Yardımlaşmak, zorda olana, darda olana yardım etmek, biraz olsun yükünü hafifletebilmek ne özge bir davranış biçimi…
Böylesi dayanışmalar; insan olmanın erdemliliğini ortaya koyan altı çizilmesi gereken ayrıntılar.
Bu davranış biçimleri, eğer amacına ulaşıyorsa ve de bu insani duygular suiistimal edilmiyorsa daha da güzel.
Ve anlamlı…
Mübarek Ramazan ayında olduğumuz bugünlerde yardımlaşma ve dayanışma olgusuna dikkat çekmek istiyorum.
Ekonomik anlamda sıkıntılar yaşadığımız bugünlerde gerçek ihtiyaç sahiplerine ulaştırılan her yardım, her destek oldukça anlamlı.
Aynı zamanda maddi durumu iyi olanların zorda ve darda olanlara el uzatması, işsiz gençlere iş kapısı açılması son derece yerinde bir yaklaşım olacaktır.
Yardım ederken, destek olurken de yardım yapılan kişi ya da kişilerin haberi olmadan ve bu insani yardımlaşmanın reklam konusu edilmeden gerçekleştirilmesi gerekiyor.
Yardım ulaştırılan ailelerin incitilmeden ve habersiz şekilde bu eylemin gerçekleşmesi çok önemli.
Örneğin ‘’Askıda ekmek’’ kampanyası da bunlardan bir tanesi.
Fırın işletmecilerinin, pastanelerin ve hatta bazı büfelerin uyguladığı bu yardımlaşma sisteminde bazı vatandaşlar kendi aldıkları ekmeklere ek olarak bu işletmelerden ihtiyaç sahiplerine ulaştırılması için ekmek alıp askıda ekmek kampanyasına destek oluyorlar.
İhtiyaç sahipleri de göz önünde olmayan bu yerden ihtiyacı kadar ekmeği alıp evlerine götürüyorlar.
Düşünce olarak gayet iyi bir uygulama.
Ancak ihtiyacı olmadığı halde ‘’Askıda ekmek’’, ‘’Askıda gıda paketi’’ gibi yiyecekleri alan kişilerin de sayısının hızla artması gerçekten düşündürücü ve ürkütücü.

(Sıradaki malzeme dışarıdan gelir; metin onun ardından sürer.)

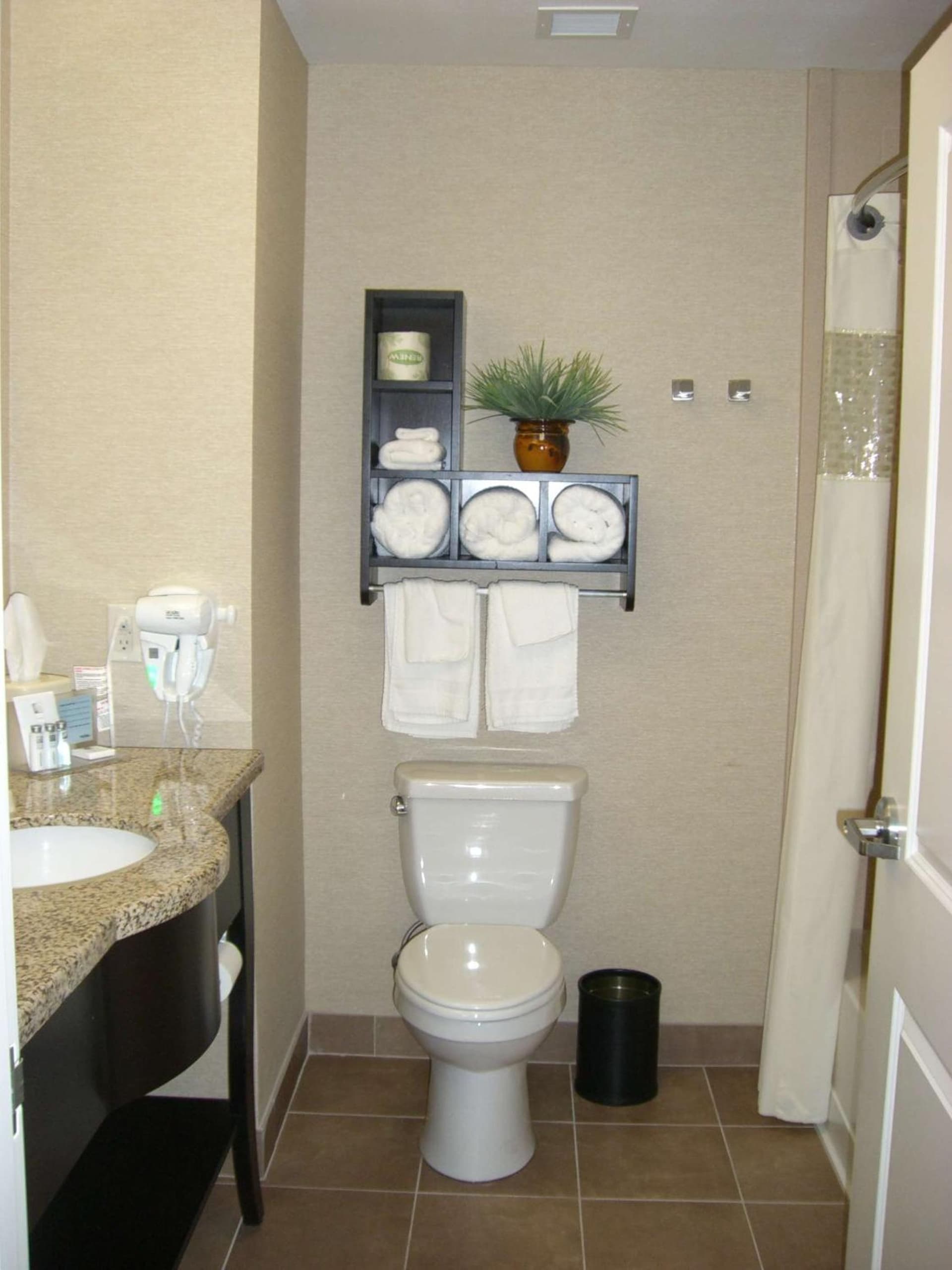 Hampton Inn and Suites Pueblo/North gallery photo in Pueblo, CO — image 9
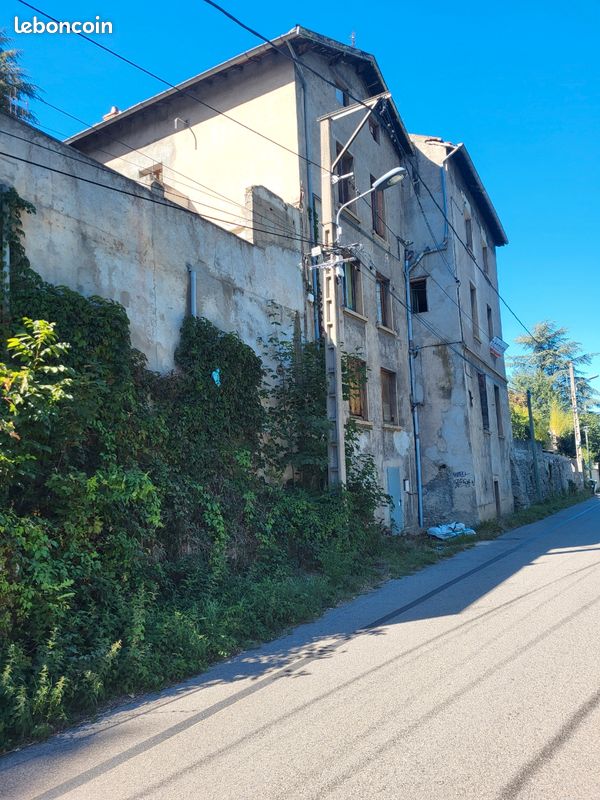 Maison 12 pièces 250 m² · à Saint-Étienne · 250 m² · 137 000 €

Aynı şekilde maddi durumu iyi olmasına rağmen ihtiyacı varmış gibi yardımlaşma ve dayanışma kolilerinden almak için sıraya gider, muhtarlıklara ismini yazdıranları da unutmamak gerek!
Yardımlaşma duygularımızı suiistimal eden, kullanan, duygu sömürüsü yapan kişileri gördükçe ürperiyorum.
Geldiğimiz nokta ürkütücü…
Bu özge, insani duygularımızı bari köreltmeyin!
Bu yazı toplam 354 defa okunmuştur.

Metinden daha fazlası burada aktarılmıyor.